Une onde de choc traverse le Gabon depuis que l’opinion publique a appris, non pas par les autorités nationales, mais par la Présidence angolaise, la libération en toute discrétion d’Ali Bongo Ondimba, de son épouse Sylvia, et de leur fils Nourredine. Une opération menée de nuit, dans un silence assourdissant, qui fait vaciller les fondements proclamés de la Cinquième République naissante. Et dans cette tempête, une voix s’élève avec clarté et fermeté : celle du député de la Transition et acteur civique Geoffroy Foumboula Libeka Makosso.

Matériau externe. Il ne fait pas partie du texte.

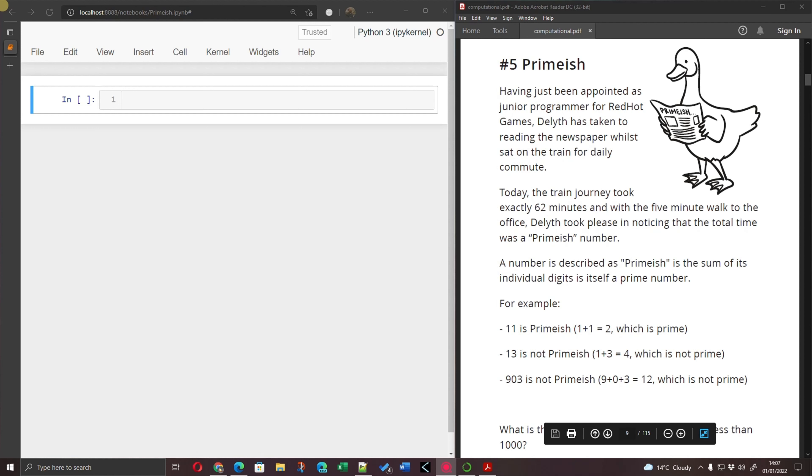Hello everybody and welcome to the fifth of the 101 computational problems. Today we're going to be looking at a problem called Primeish.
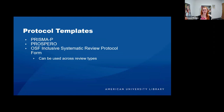There are different templates available. PRISMA-P is a template for protocols. PROSPERO is another protocol template you can use. The OSF — Open Science Framework — also has an inclusive systematic review protocol form, which is available to be used across review types.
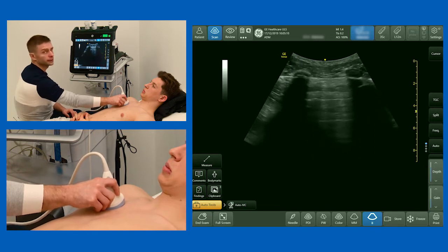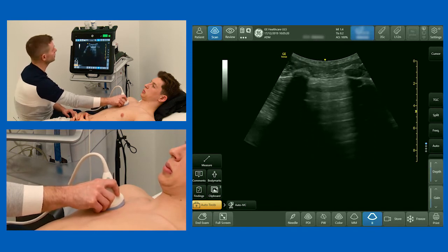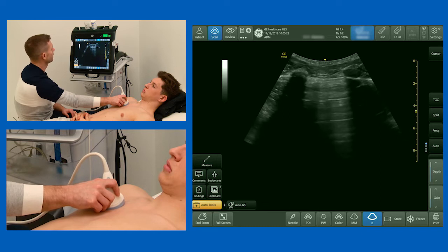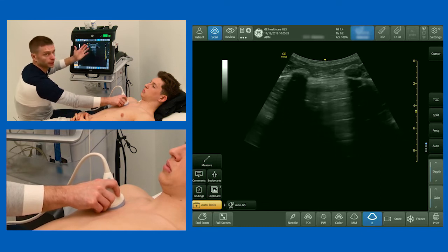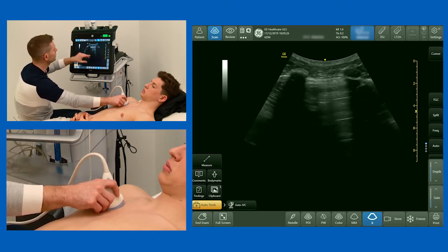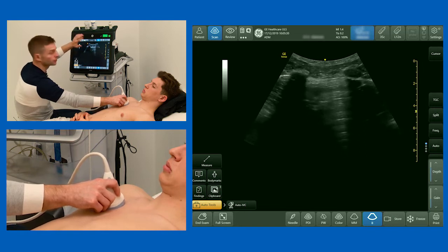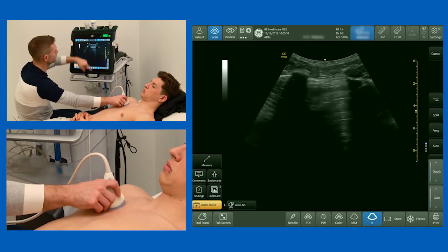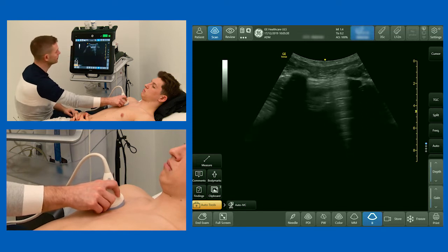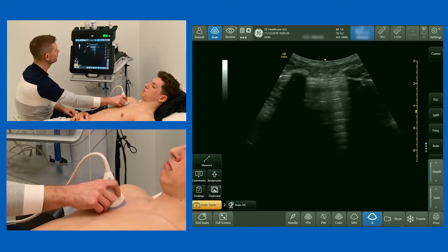Other pathology we might see, other than absent lung sliding, would be things like consolidation — which will be below the pleural line as echo-poor areas — or things called B-lines, which look like comet tails coming down from the pleural line, extending from the pleura to the depth of the image and moving backwards and forwards with respiration.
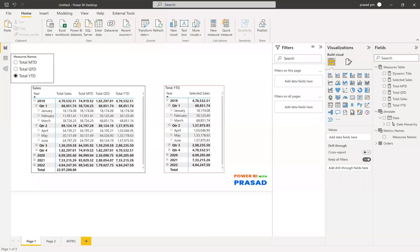Hi friends, my name is Prasad. You're watching Power BI with Prasad. Today I come up with a new real-time scenario. First, let's understand what the requirement is, and then we can go into the solution.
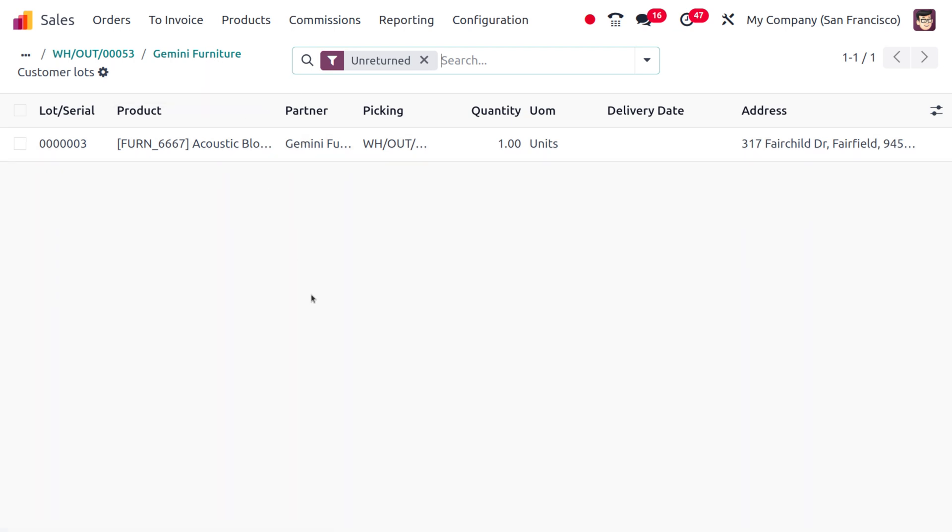It's very easy to get the report of the load or serial number that is used by each customer in Odoo 18, which is one of the new features. That's all for today, thank you for watching the video.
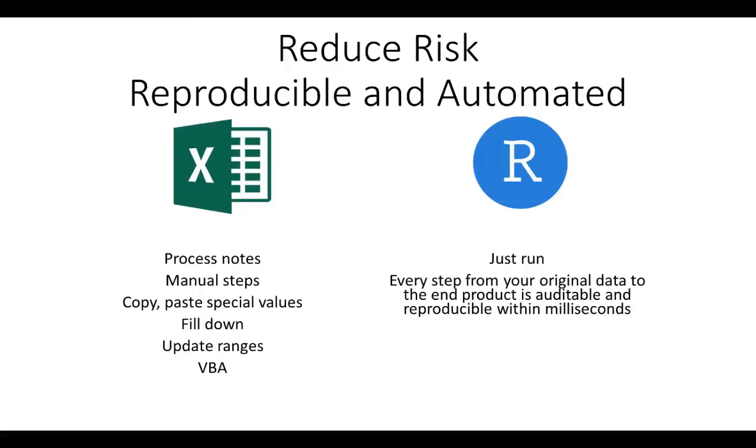Risk is reduced in R because you can always get back to your original dataset. Every step of the process is part of your script, which means if you need to tweak or update and make a change to that logic, you can very quickly make that change and run the entire script from your original data within seconds.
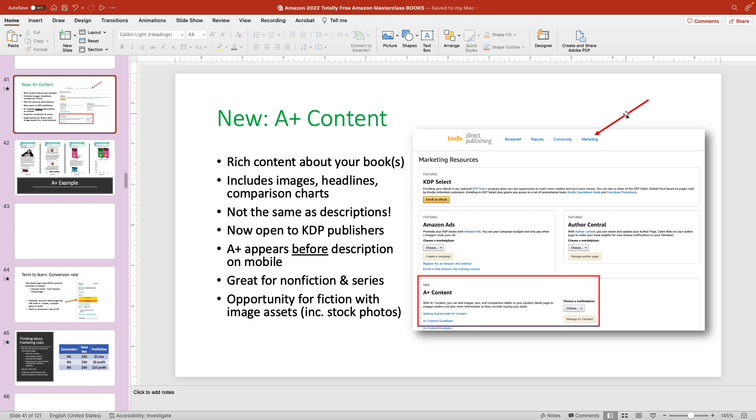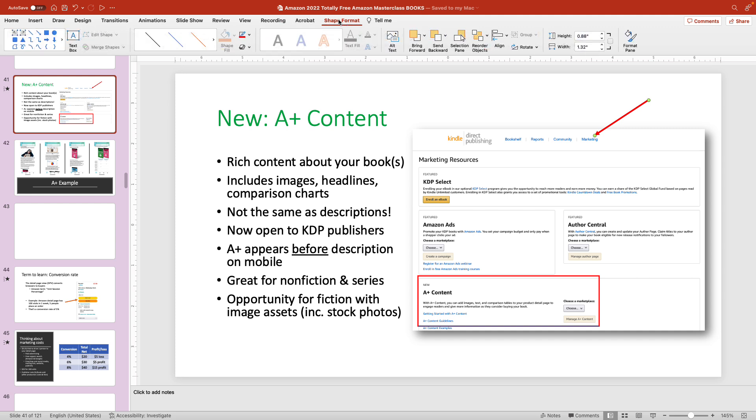First select the item you want to change the shape for to make it bigger. So in this case it's the arrow. I just clicked it once. You will see amongst the tabs that you have at the top, one of them is shape format. Select that. And then select format pane.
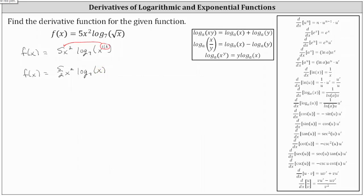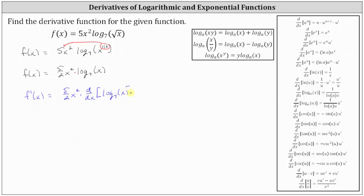Notice f of x is a product of two functions of x, and therefore we do have to apply the product rule to determine the derivative. Applying the product rule of differentiation, we have f prime of x equals the first function of five halves x squared times the derivative of the second function — the derivative of log base seven of x with respect to x — plus the second function of log base seven of x times the derivative of the first function, which is the derivative of five halves x squared with respect to x.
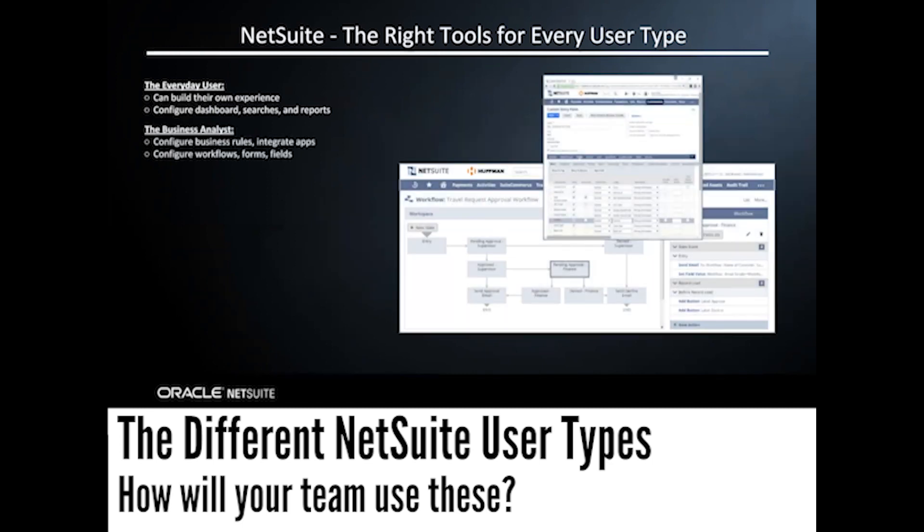The business analyst in NetSuite can actually customize and configure the instance themselves, meaning we don't need to know how to code to change the automated business rules, to integrate apps, or to configure workflows, forms, and fields.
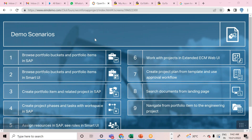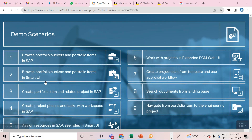All these demo scenarios can be seen online — you just need to go to this address, which I'll put in the chat box, and you can navigate through all the scenarios to familiarize yourself with the process steps. The demo scenarios include: browse portfolio buckets and items in SAP, browse in Smart UI, create portfolio item-related projects, create project phases and tasks with workspace, assign resources, see roles in Smart UI, work with project in extended ECM web UI, create project plan from template with approval workflow, search documents from the landing page, and navigate from portfolio items to engineering projects.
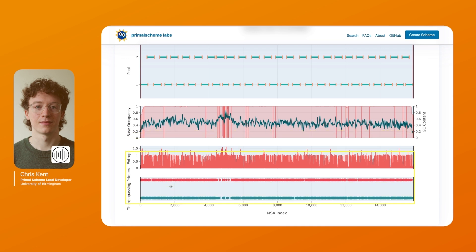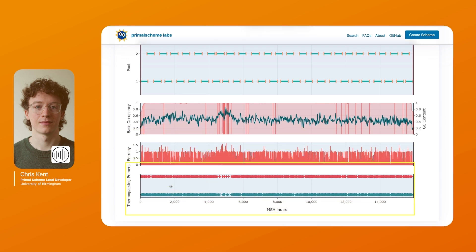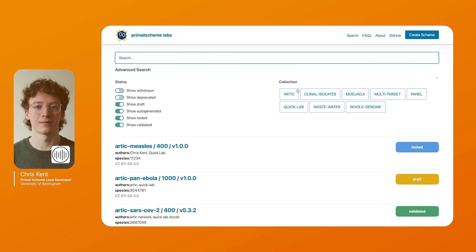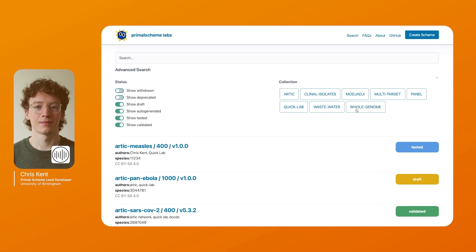We also have the entropy of the MSA to show you where hypervariable positions are and how the primer scheme handles them. We also have a list of all the primers which have passed the ThermoChecker so you can see how well the scheme has worked and how well it's performing. We also have a collection of tags for schemes with common search criteria. This includes Arctic schemes, schemes made by the Quick lab. We also have collections for common use cases such as for clinical isolates or for wastewater.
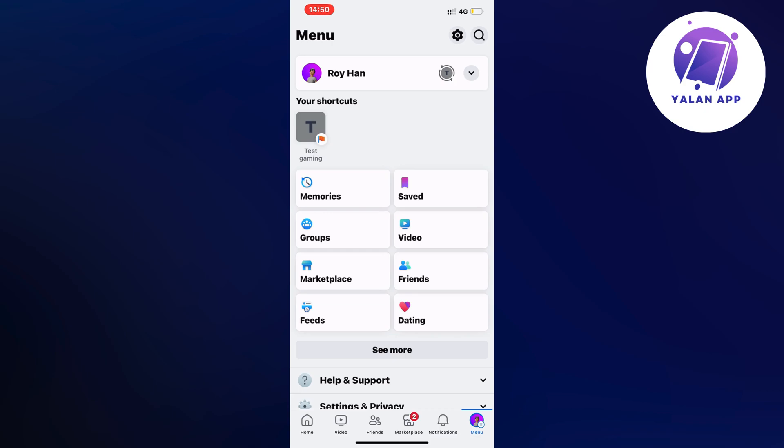So actually what you're going to do, and by the way you can do this both on your computer but also on your Facebook mobile app just so you know. So you're going to open up either your app or on your computer and then you're going to find where it says menu. For me it's in the bottom right corner but if you're using an Android phone it's going to be in the top right corner instead.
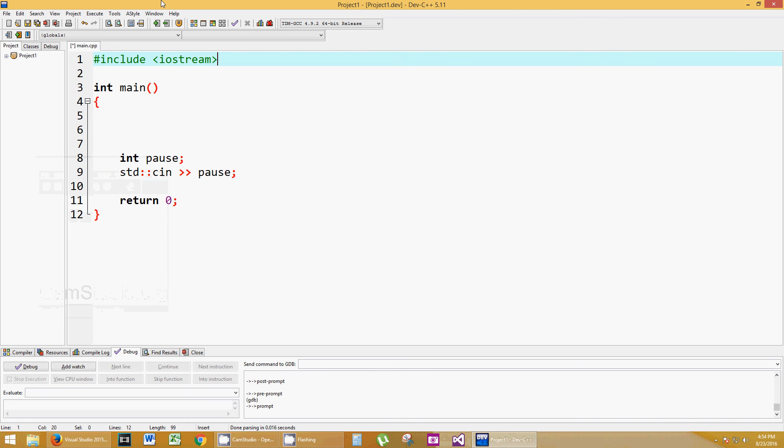Welcome to another C++ tutorial. I'm going to talk to you about struct, S-T-R-U-C-T, or structures.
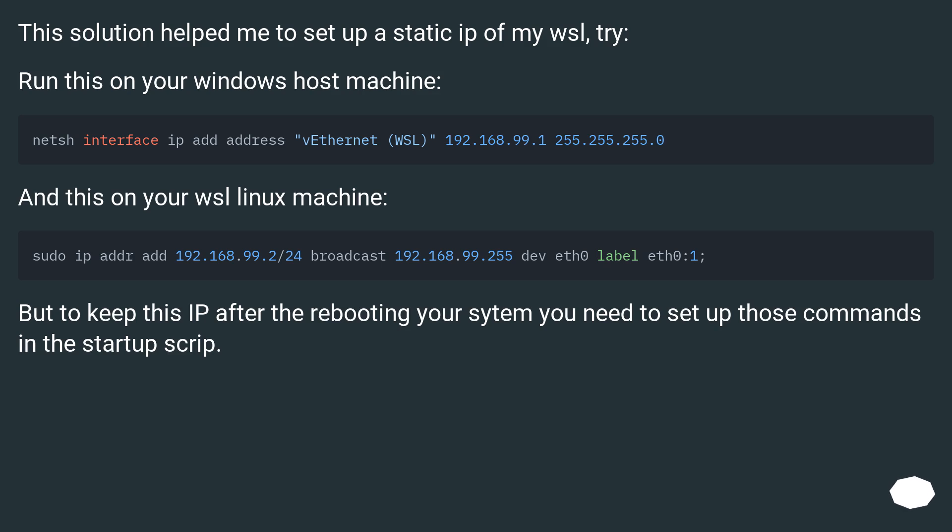And this on your WSL Linux machine. But to keep this IP after rebooting your system you need to set up those commands in the startup script.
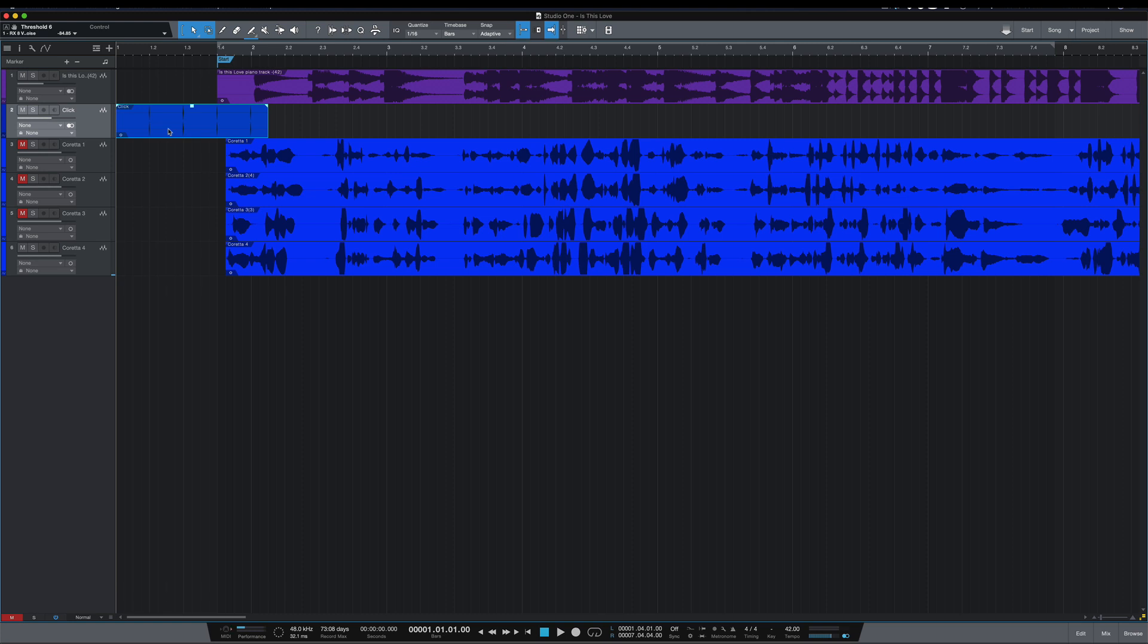So if we go to play it from the top now, however, we're all used to hitting return. If I do that, it's going to jump back to bar one.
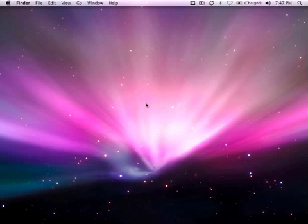Alright, so welcome. Today I'm going to be showing you how to type in different languages using Mac OS X.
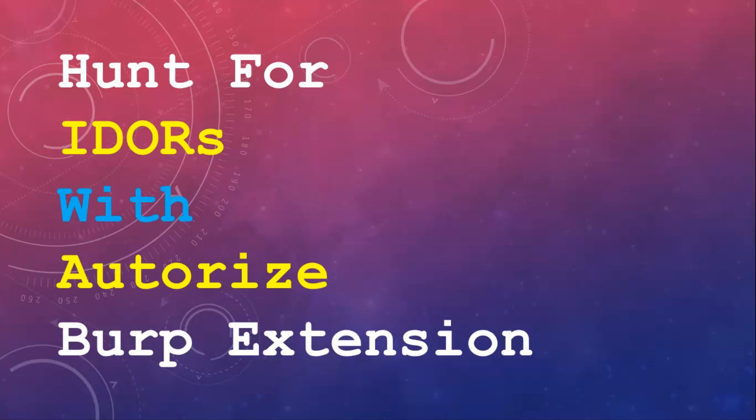Hey guys, this is Umair Khan back with another video. In this video we are going to see how to hunt for IDOR with Autorize Burp extension.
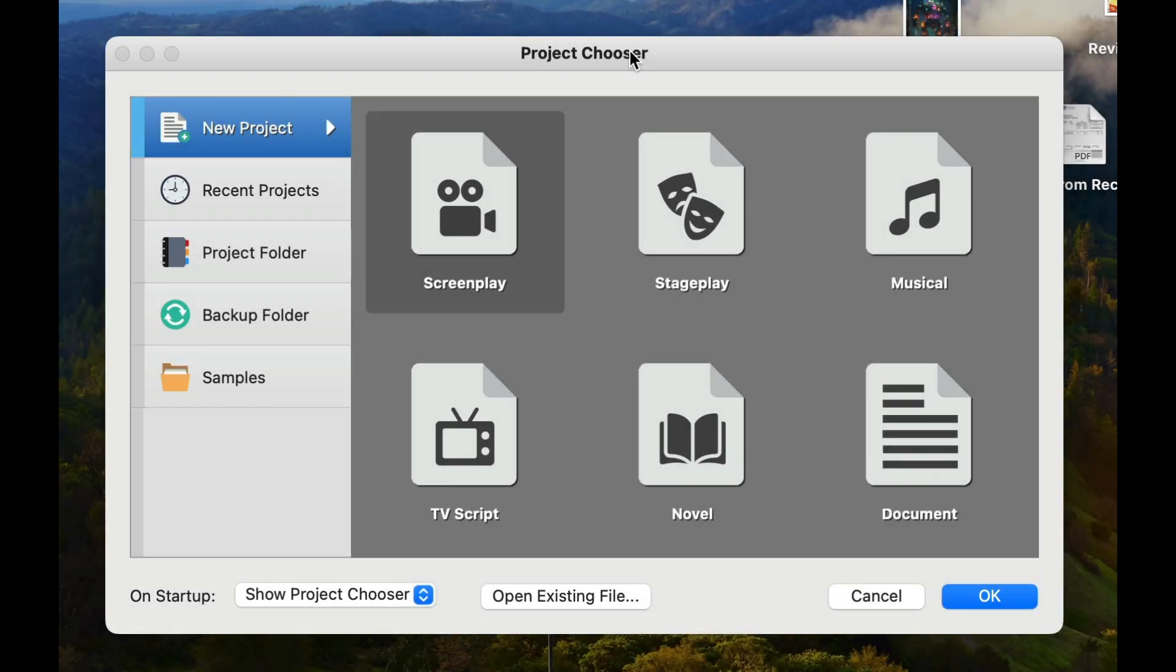Hey everybody, it's Paul from Screenwriting Scribe, you know the guy who knows way too much about screenwriting software. Today I want to talk to you a little bit more about Script Studio and get you up and running on this particular software in about 5 to 10 minutes.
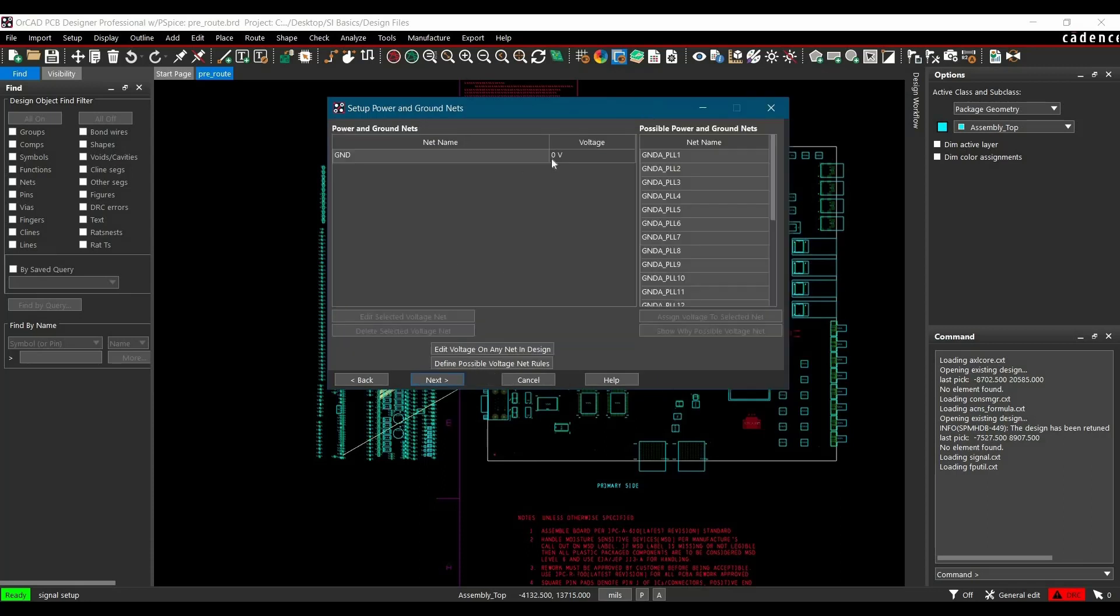Now in this window, you have to select all the supply nets. As of now, only the supply net selected is ground, and its voltage is 0V.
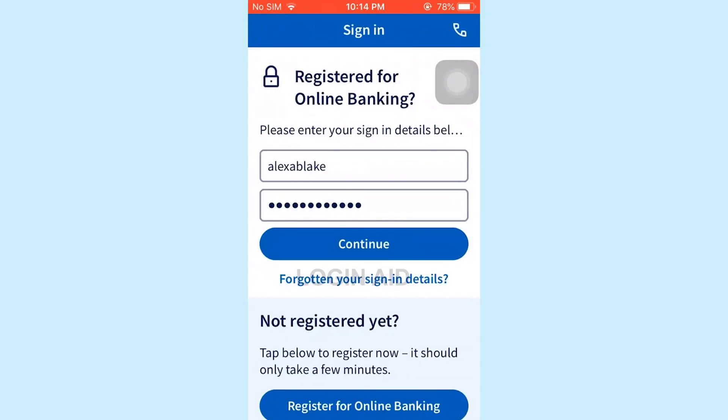So this is how you can log in to the online banking account of Halifax Bank. Hope this video was useful. Please like and subscribe to the Vlogging Aid channel. Thank you for watching till the very end.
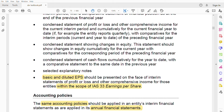That covers IAS 34. As I said, I promised to finish this in 10 minutes and we finished it in 7 minutes. The next standard we'll look at is IAS 36 — Impairment of Assets. This is a very important standard that definitely comes up in exams, whether related to goodwill, non-current assets, or intangible assets. Impairment is unavoidable — so see you in IAS 36!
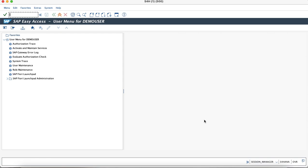In this video, we are going to learn about the masked maintenance of the SAP Fiori business role for the Fiori launchpad.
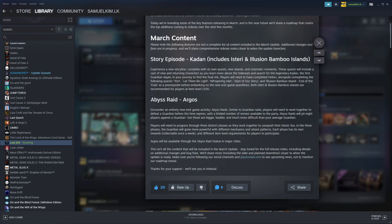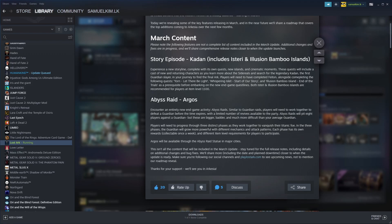Then we've got the Abyss Raid. Abyss Raid is like the Guardian Raid in that we'll have 8 people competing against the Guardian. These Guardians are much harder than your average Guardian Raids. With these Abyss Raids, you'll be actually split into 3 phases. For each phase, you need to be of the appropriate gear score.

Une opération opaque, une République éclipsée

« Inacceptable. » C’est le mot martelé par Geoffroy Foumboula, qui voit dans cette libération orchestrée par le président angolais João Lourenço, avec le concours tacite, voire complice des autorités gabonaises, un acte de trahison républicaine. Le député rappelle que des plaintes formelles ont été déposées contre la famille Bongo pour des faits graves de détournements de fonds publics. Leur exfiltration nuitamment, sans procès, sans décision judiciaire, ni communication officielle, est perçue non seulement comme une humiliation nationale, mais aussi comme une insulte faite à l’État de droit.

Quand l’Union Africaine devient monnaie d’échange ?

Pour Geoffroy Foumboula, il ne fait aucun doute : la libération de la famille Bongo a été monnayée contre la réintégration du Gabon dans l’Union Africaine. Une transaction aux allures de chantage diplomatique, que l’élu juge incompatible avec la souveraineté d’un État qui se veut indépendant. « Le Gabon ne peut pas devenir un pion sur l’échiquier géopolitique africain. Ce qui s’est passé ne se produirait jamais en Angola, et pourtant c’est bien l’Angola qui nous l’impose », déplore-t-il.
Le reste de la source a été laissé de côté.